Hello!
I am trying to aggregate some data from DB by Logstash.
My data in db looks like this:
+----+----------------+---------------------+----------------------+----------------------+
| #  | product_id | product_name | property_name | property_value |
+----+----------------+---------------------+----------------------+----------------------+
| 1  | 100             | pc                     | colour                | black                  |
+----+----------------+---------------------+----------------------+----------------------+
| 2  | 100             | pc                     | colour                | silver                  |
+----+----------------+---------------------+----------------------+----------------------+
| 3  | 100             | pc                     | ram                    | 16Gb                  |
+----+----------------+---------------------+----------------------+----------------------+
| 4  | 100             | pc                     | hdd                    | 200Gb                |
+----+----------------+---------------------+----------------------+----------------------+
| 5  | 101             | printer              | colour                | black                 |
+----+----------------+---------------------+----------------------+----------------------+
| 6  | 101             | printer             | features             | wifi                     |
+----+----------------+---------------------+----------------------+----------------------+
| 7  | 101             | printer             | features             | scanner             |
+----+----------------+---------------------+----------------------+----------------------+
| 8  | 101             | printer             | type                    | mate                  |
+----+----------------+---------------------+----------------------+----------------------+
| 9  | 102             | laptop              | features             | wifi 5Ghz           |
+----+----------------+---------------------+----------------------+----------------------+
| 10 | 102            | laptop              | colour                | white                  |
+----+----------------+---------------------+----------------------+----------------------+
| 11 | 102            | laptop               | hdd                   | 512Gb                |
+----+----------------+---------------------+----------------------+----------------------+
I want to aggregate data by product_id, property_name in the following way:
[
    {
        "id": 100,
        "name": "pc",
        "properties": {
            "colour": [
                "black",
                "silver"
            ],
            "hdd": [
                "200Gb"
            ],
            "ram": [
                "16Gb"
            ]
        }
    },
    {
        "id": 101,
        "name": "printer",
        "properties": {
            "features": [
                "wifi",
                "scanner"
            ],
            "colour": [
                "black"
            ],
            "type": [
                "mate"
            ]
        }
    },
    {
        "id": 102,
        "name": "laptop",
        "properties": {
            "features": [
                "wifi 5Ghz"
            ],
            "colour": [
                "white"
            ],
            "hdd": [
                "512Gb"
            ]
        }
    }
]
For this purpose I am trying to use aggregate filter plugin and read example #4 of docs and this topic.

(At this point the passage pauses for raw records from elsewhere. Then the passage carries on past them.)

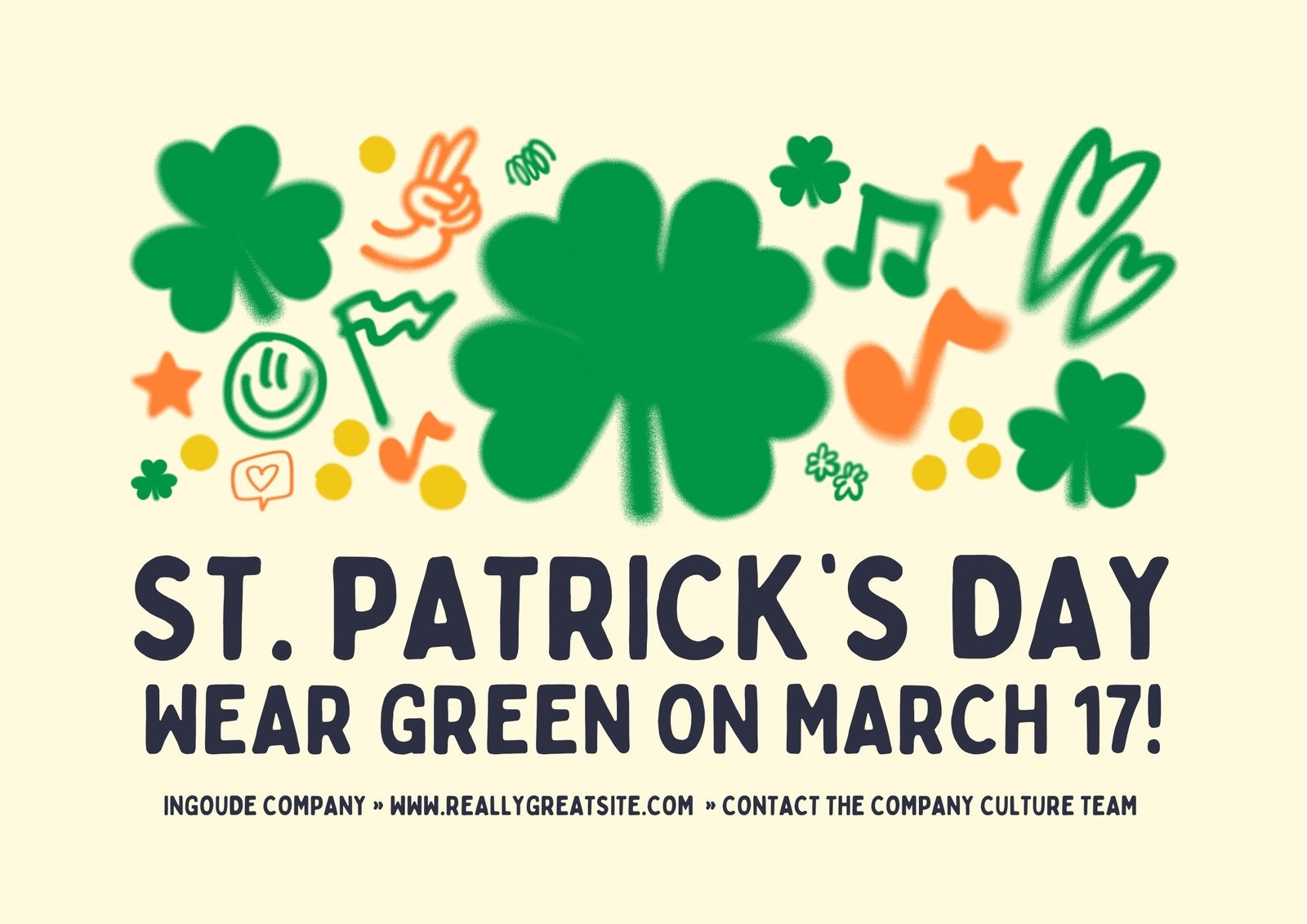 Free Printable St Patrick s Day Poster Templates Canva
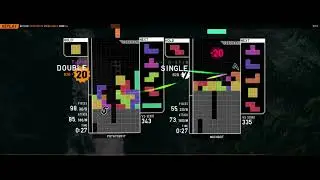 1.28 attack per piece with a 54 spike, least rng downstack [tetr.io]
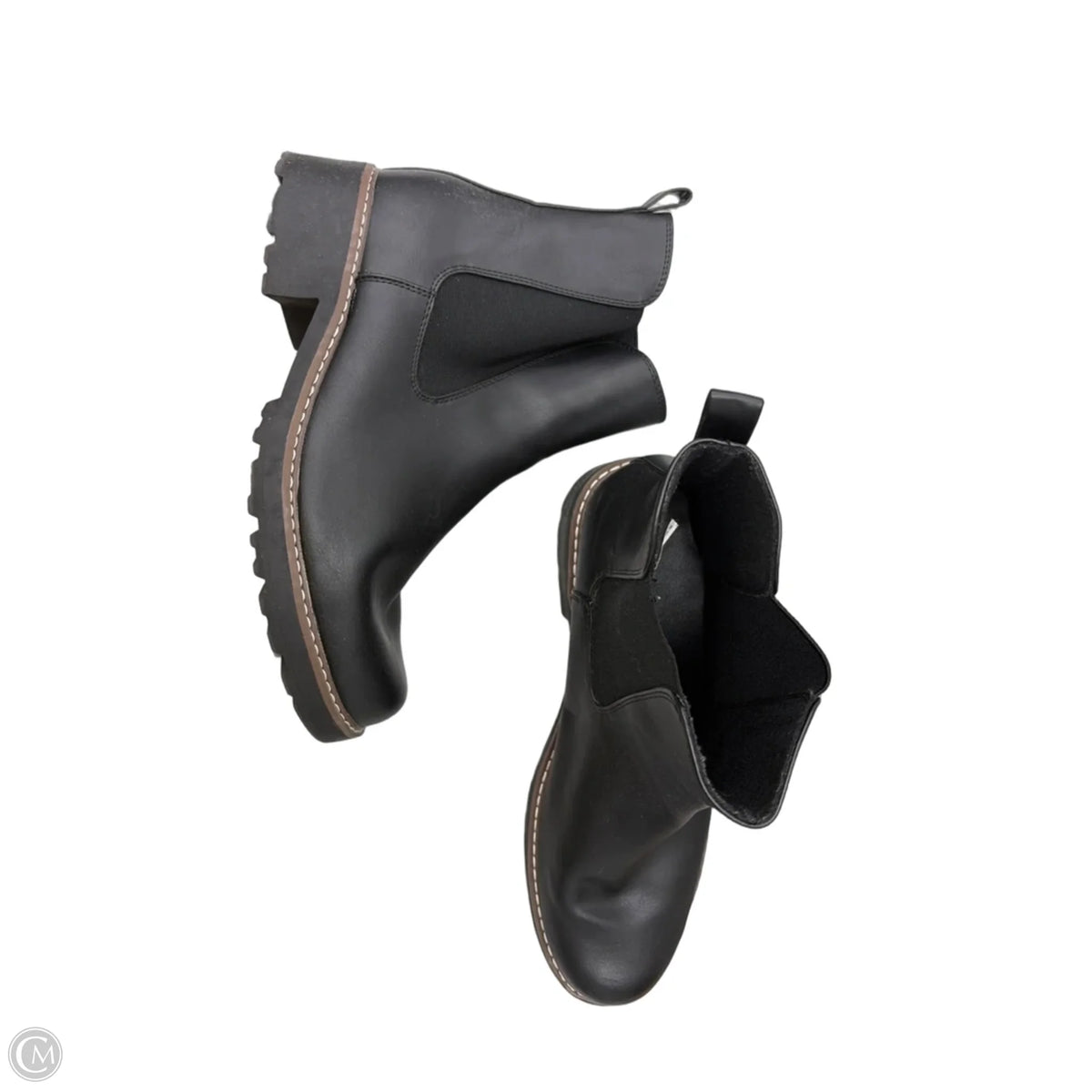 Boots Ankle Heels By Universal Thread In Black, Size: 11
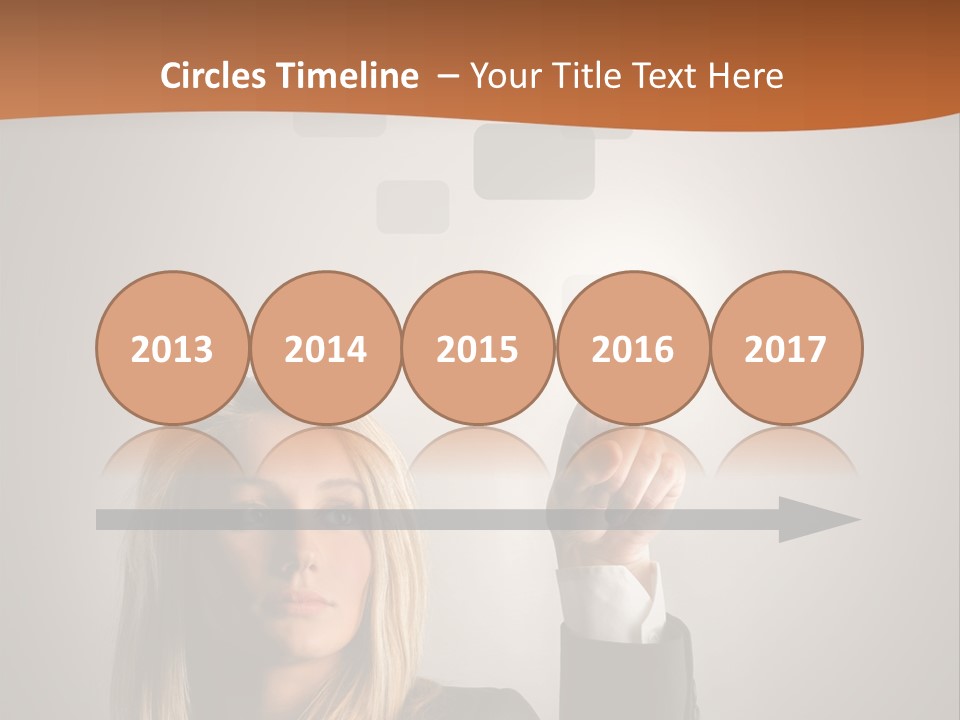 Finger Career Girl PowerPoint Template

Here is my logstash.conf (filter part):
filter {
  aggregate {
    task_id => "%{product_id}"
    code => "
      map['product_id'] = event.get('product_id')
      map['product_name'] = event.get('product_name')
      map['properties'] ||= {}
      map[event.get('property_name')] ||= []                                         
      map[event.get('property_name')] << event.get('property_value') 
      event.cancel()
    "
    push_previous_map_as_event => true
    timeout => 3
  }
}
The output of filtering is:
{"product_id":100, "product_name":"pc", "properties":[], "colour":["black","silver"], "ram":["16Gb"], "hdd":["200Gb"]}
{"product_id":101, "product_name":"printer", "properties":[], "colour":["black"], "type":["mate"], "features":["wifi","scanner"]}
{"product_id":102, "product_name":"laptop", "properties":[], "colour":["white"],"hdd":["512Gb"], "features":["wifi 5Ghz"]}
But I need that properties (like "colour", "ram", "hdd") will be inside "properties" field.
For this purpose I tried to use
map['properties'] ||= []
map['properties'] << {
   map[event.get('property_name')] ||= []                                         
   map[event.get('property_name')] << event.get('property_value') 
}
But that doesn't work.
I'm not familiar with that syntax, so any idea how to put properties (like "colour", "ram", "hdd") inside "properties" ? Am I missing something?
Thank you!